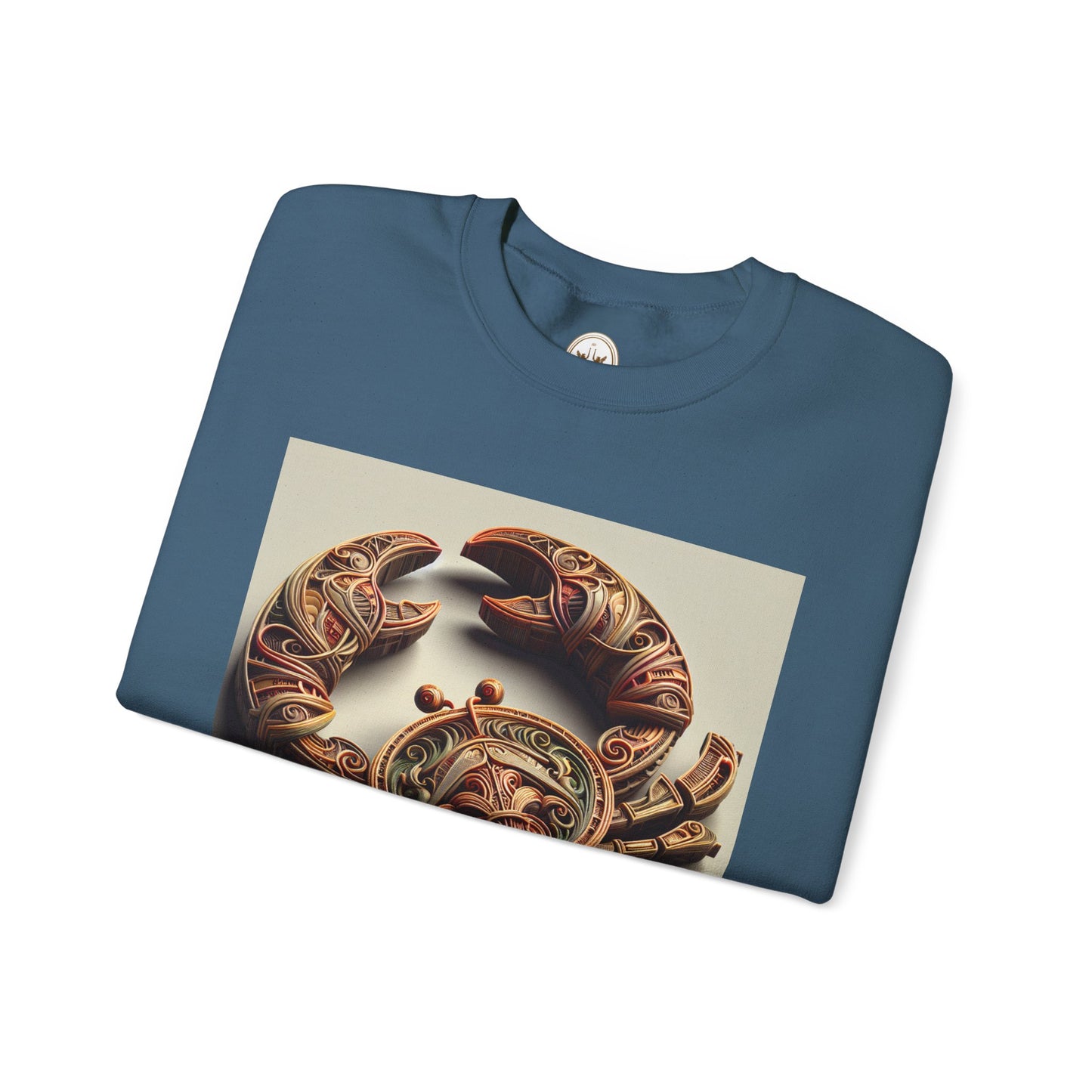 Unisex Heavy Blend™ Crewneck Sweatshirt, Crab Artifact, Cancer Zodiac Design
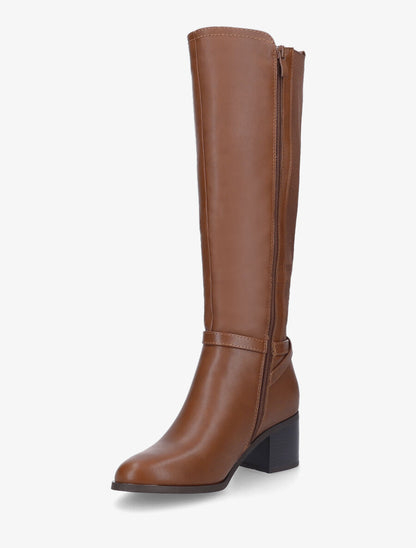 Bottes unies élastiquées - Camel - 3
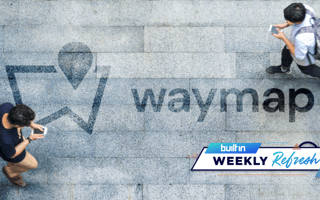 People walk a city street, looking at their phones. On the pavement is the Waymap logo and in the left hand corner, the Built In Weekly Refresh logo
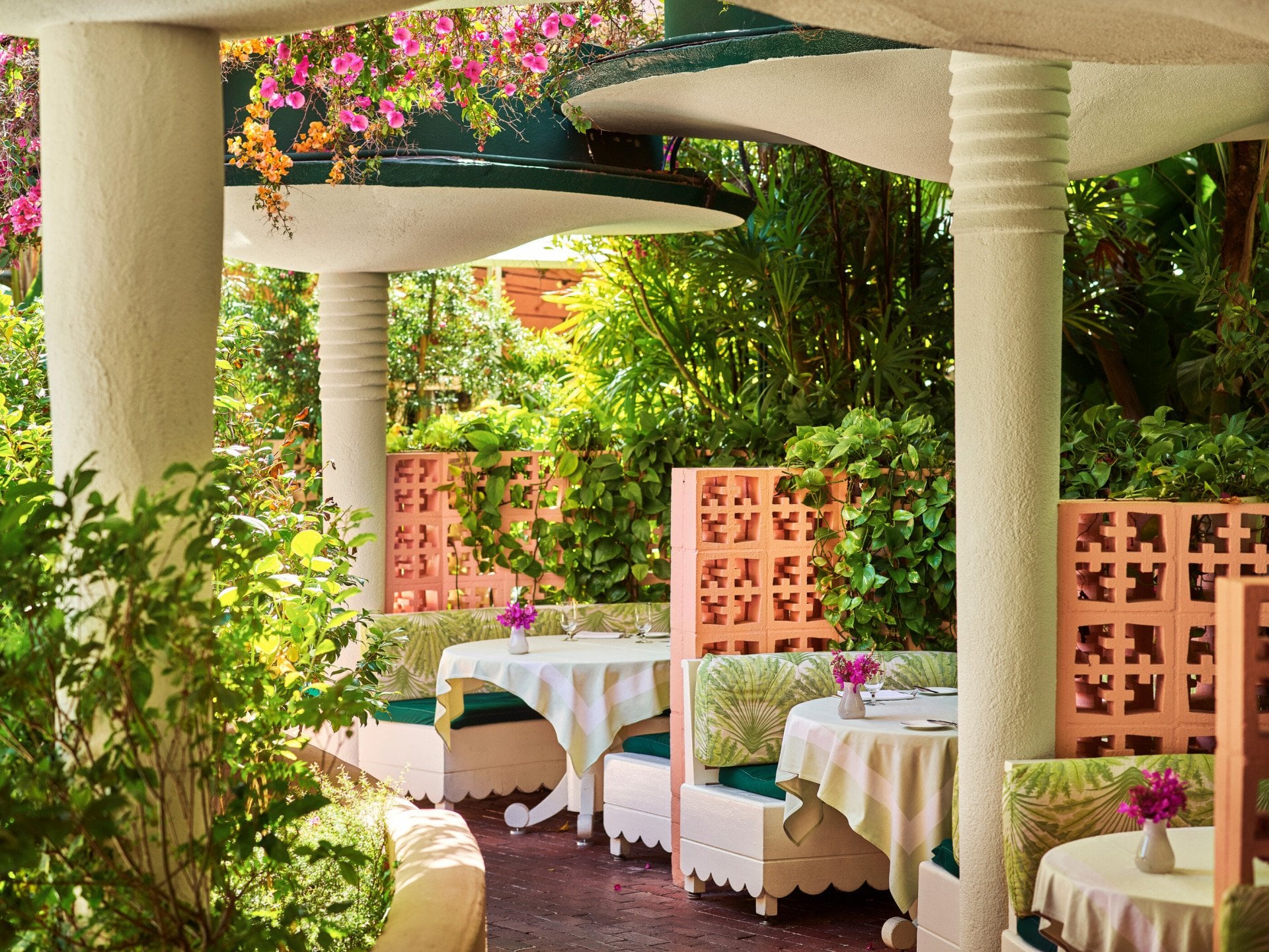The Polo Lounge exterior terrace booths at The Beverly Hills Hotel, Los Angeles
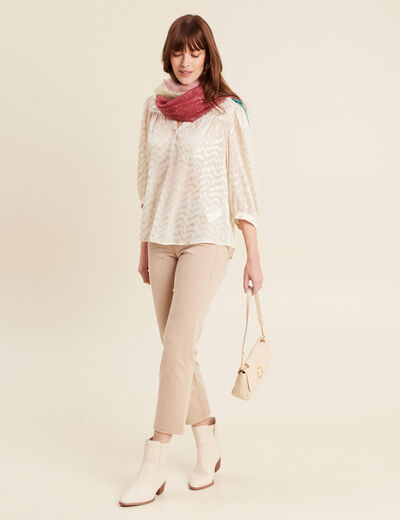 Jean coupe droite 7/8&egrave;me denim beige femme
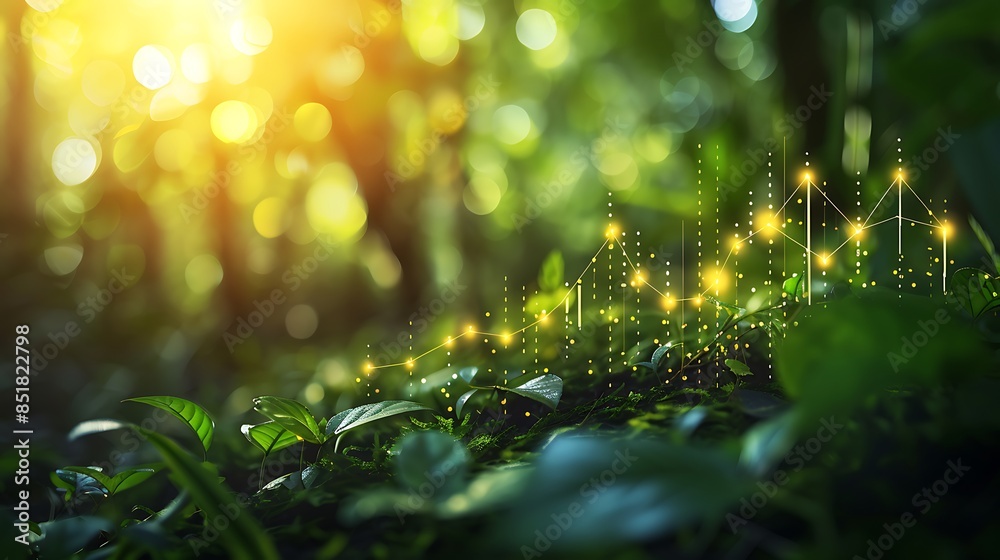 Obraz premium Eco-friendly energy graph graphic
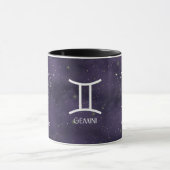 Zodiac Sign Gemini Wasserfarbe Anpassbare Tasse (Zentrum)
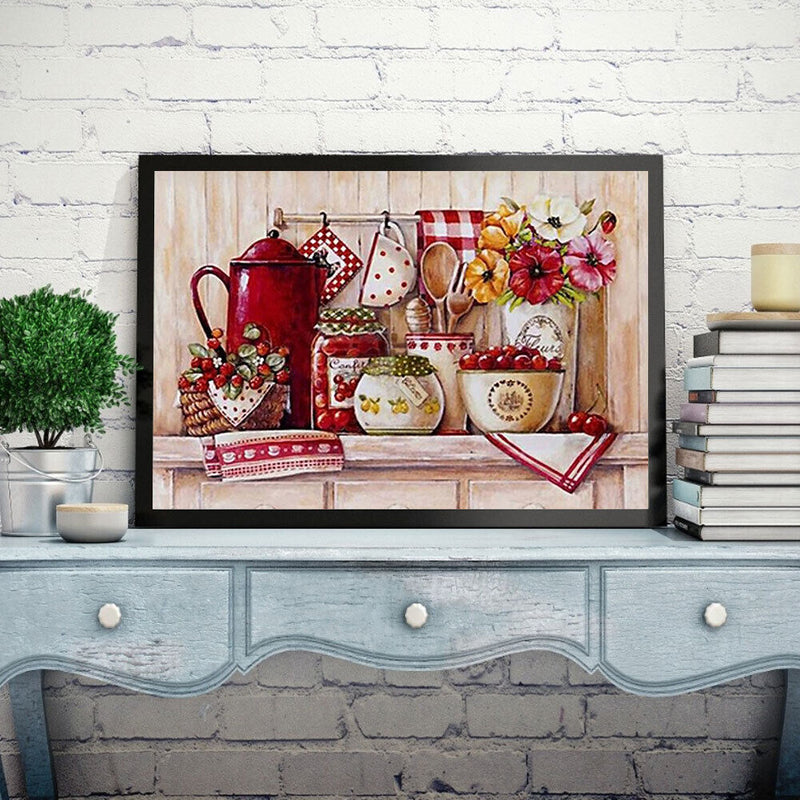 5D DIY Diamond Painting Kits Full Square Drill Kitchenware Mosaic Wall Drawin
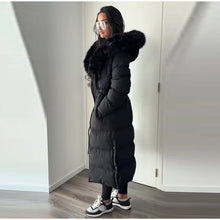 Winter Women Long Down Jacket Fur Hooded Zipper Brown Black Drawstring Padded Cotton Coats Fashion Lady All-matching Outerwear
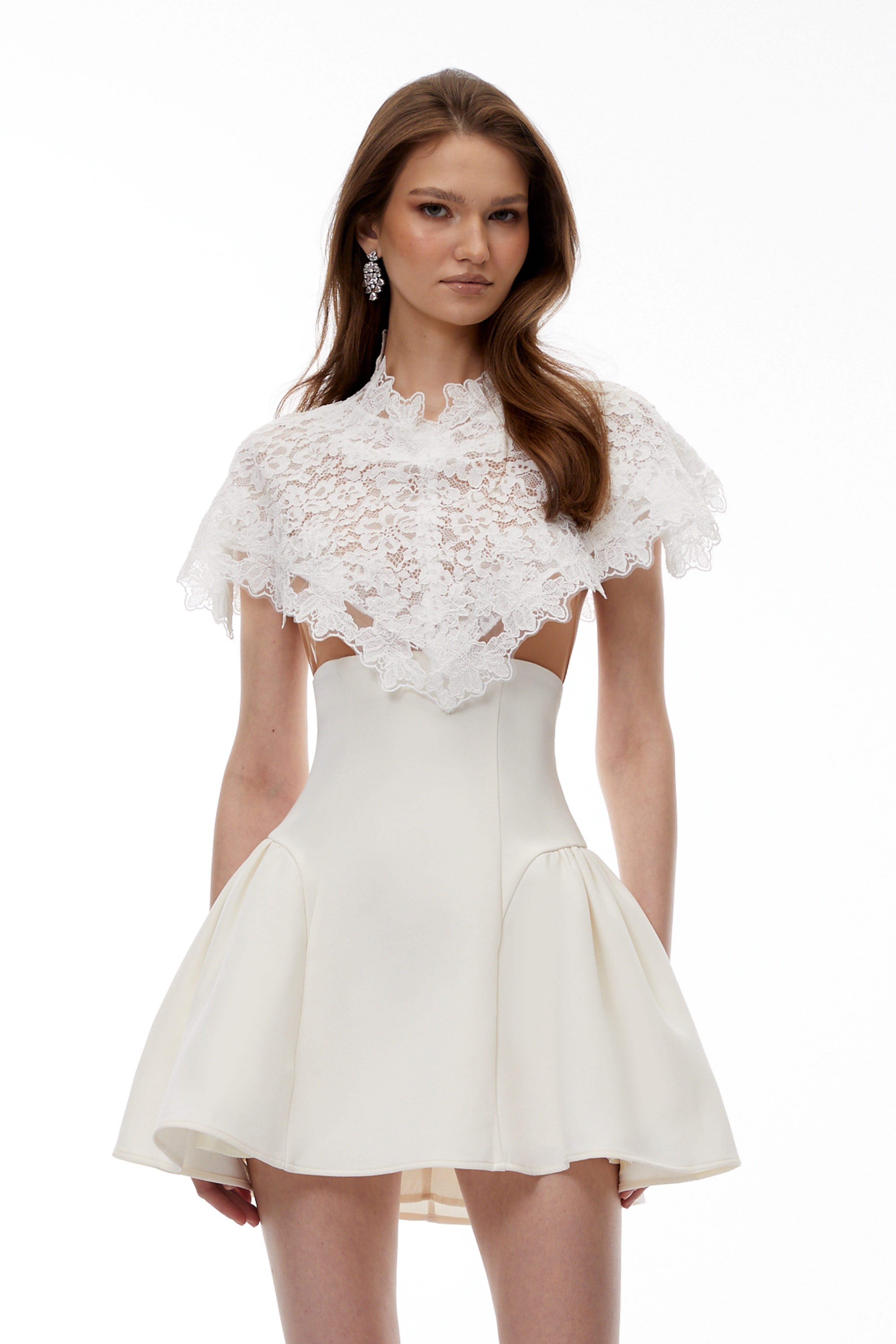 Mandana White Lace Mini Dress with Cape (Final Sale-US Only)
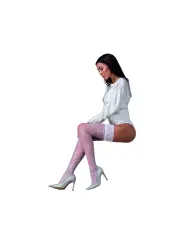 MEIAS DE LIGAS ST119 BRANCAS (20 DEN) GOLD COLLECTION PASSION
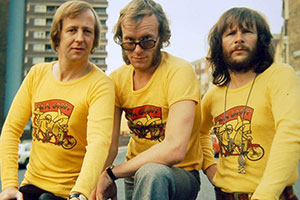 The Goodies. Image shows from L to R: Tim (Tim Brooke-Taylor), Graeme (Graeme Garden), Bill (Bill Oddie). Copyright: BBC. The Goodies. Image shows from L to R: Tim (Tim Brooke-Taylor), Graeme (Graeme Garden), Bill (Bill Oddie). Copyright: BBC.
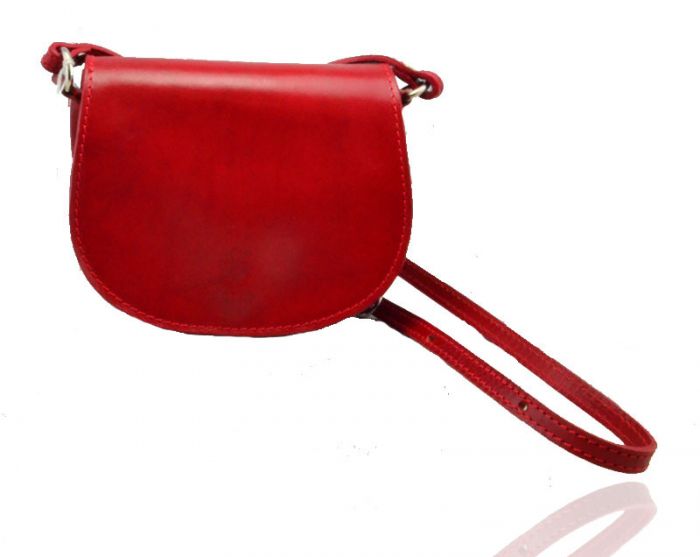 V0027 Small Leather Saddle shoulder bag 2 compartments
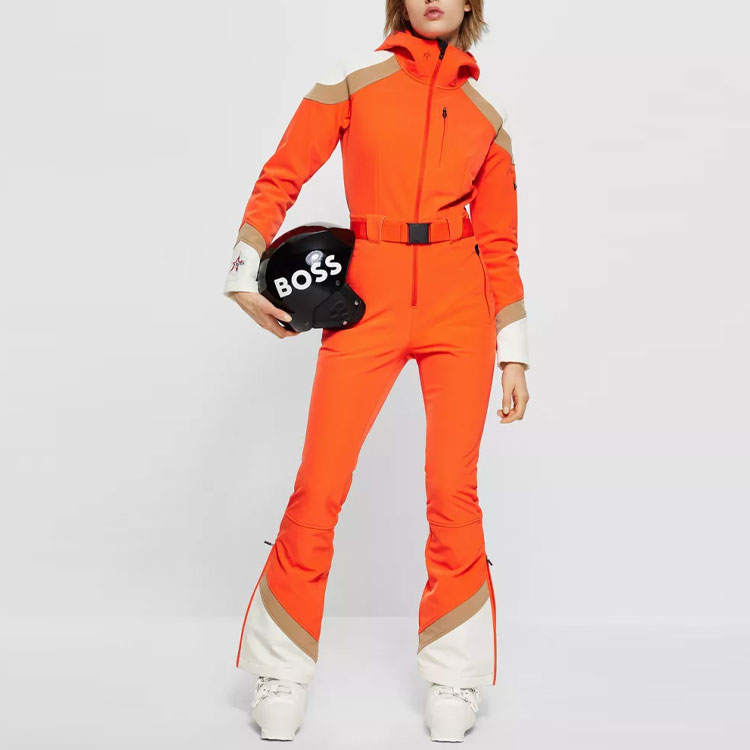 Lookbook (Women) HUGO BOSS FW22  Orange Hooded Logo Belted Ski Jumpsuit. 50496345-821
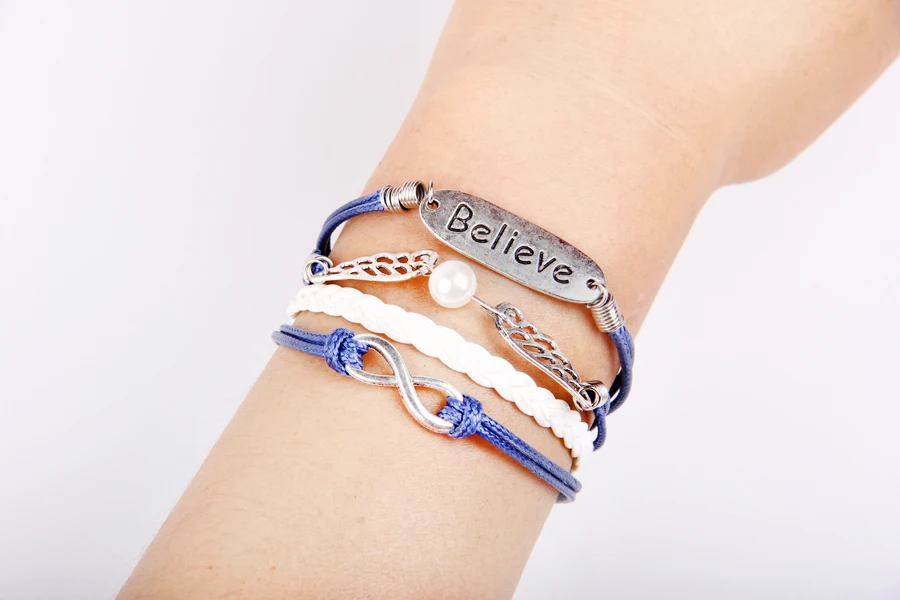 Браслет кожаный многослойный с крыльями ангела PSL254|leather bracelet|believe braceletbracelet bracelet |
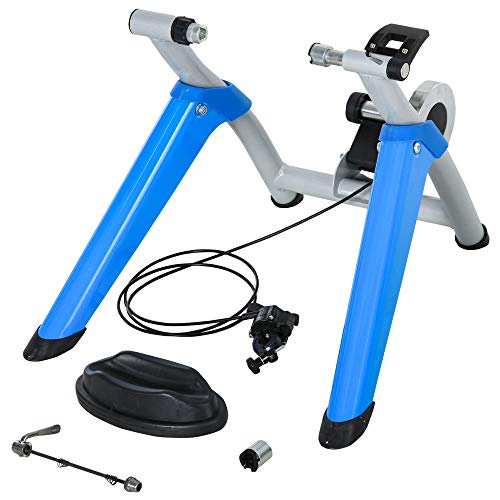 HOMCOM Entrenador de Bicicleta Rodillo para Bicicleta Plegable Portátil con Resistencia Magnética Ajustable de 8 Niveles para Ruedas de 650C, 700C o 26" - 29" 77x56x47,5 cm Azul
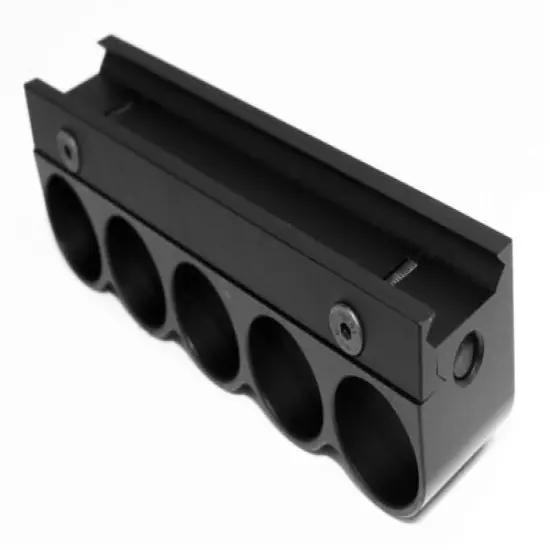 Trinity Weaver Mounted Shell Holder for Maverick 88 12 gauge aluminum black.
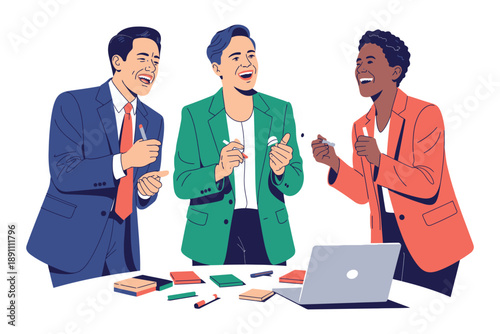 Three diverse businessmen laughing and discussing ideas around a laptop at a meeting table with notebooks and pens.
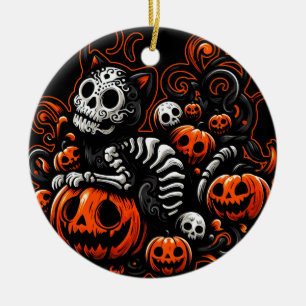 Spooky Cat and Pumpkins Ceramic Ornament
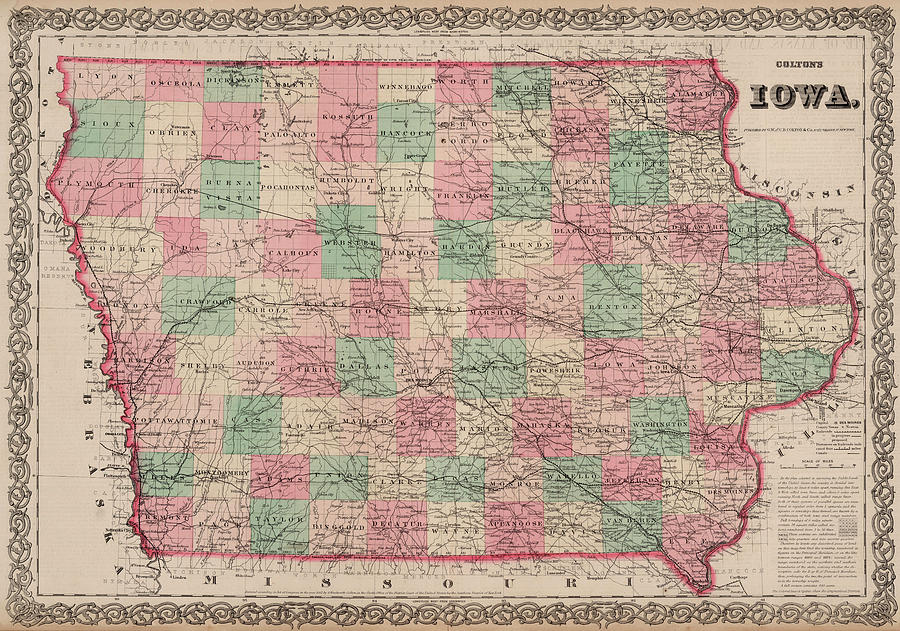 Iowa Map Painting - Iowa by Colton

====

■ **Instructions for the task**: Copy these entries precisely and drop any picture.

■ **Result of the task**:
 Unisex Heavy Blend™ Crewneck Sweatshirt, Crab Artifact, Cancer Zodiac Design
 Bottes unies élastiquées - Camel - 3
 People walk a city street, looking at their phones. On the pavement is the Waymap logo and in the left hand corner, the Built In Weekly Refresh logo
The Polo Lounge exterior terrace booths at The Beverly Hills Hotel, Los Angeles
 Jean coupe droite 7/8&egrave;me denim beige femme
 Obraz premium Eco-friendly energy graph graphic
 Zodiac Sign Gemini Wasserfarbe Anpassbare Tasse (Zentrum)
 5D DIY Diamond Painting Kits Full Square Drill Kitchenware Mosaic Wall Drawin
 Winter Women Long Down Jacket Fur Hooded Zipper Brown Black Drawstring Padded Cotton Coats Fashion Lady All-matching Outerwear
 Mandana White Lace Mini Dress with Cape (Final Sale-US Only)
 MEIAS DE LIGAS ST119 BRANCAS (20 DEN) GOLD COLLECTION PASSION
 The Goodies. Image shows from L to R: Tim (Tim Brooke-Taylor), Graeme (Graeme Garden), Bill (Bill Oddie). Copyright: BBC. The Goodies. Image shows from L to R: Tim (Tim Brooke-Taylor), Graeme (Graeme Garden), Bill (Bill Oddie). Copyright: BBC.
 V0027 Small Leather Saddle shoulder bag 2 compartments
 Lookbook (Women) HUGO BOSS FW22  Orange Hooded Logo Belted Ski Jumpsuit. 50496345-821
 Браслет кожаный многослойный с крыльями ангела PSL254|leather bracelet|believe braceletbracelet bracelet |
 HOMCOM Entrenador de Bicicleta Rodillo para Bicicleta Plegable Portátil con Resistencia Magnética Ajustable de 8 Niveles para Ruedas de 650C, 700C o 26" - 29" 77x56x47,5 cm Azul
 Trinity Weaver Mounted Shell Holder for Maverick 88 12 gauge aluminum black.
 Three diverse businessmen laughing and discussing ideas around a laptop at a meeting table with notebooks and pens.
 Spooky Cat and Pumpkins Ceramic Ornament
 Iowa Map Painting - Iowa by Colton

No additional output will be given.